** TASK STATEMENT **
Return the material below exactly, but only from the line with "White sofa bed" through the line with "interior space featuring", and without its pictures.

** INPUT RECORDS **
───
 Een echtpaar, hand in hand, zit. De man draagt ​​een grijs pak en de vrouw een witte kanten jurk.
───
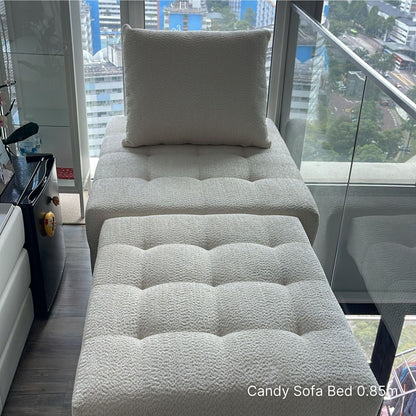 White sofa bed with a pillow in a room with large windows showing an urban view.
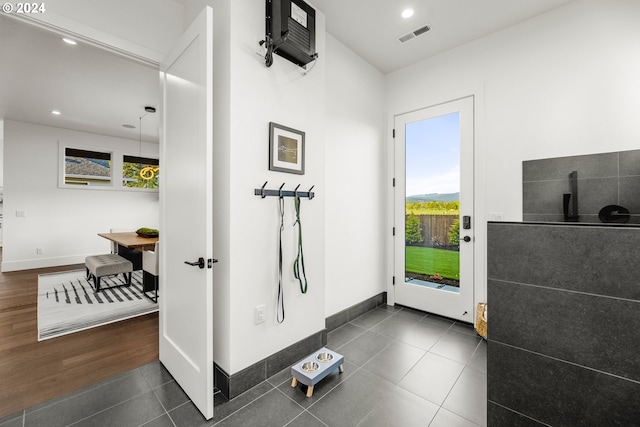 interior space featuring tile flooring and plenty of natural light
───
** TASK RESPONSE **
 White sofa bed with a pillow in a room with large windows showing an urban view.
 interior space featuring tile flooring and plenty of natural light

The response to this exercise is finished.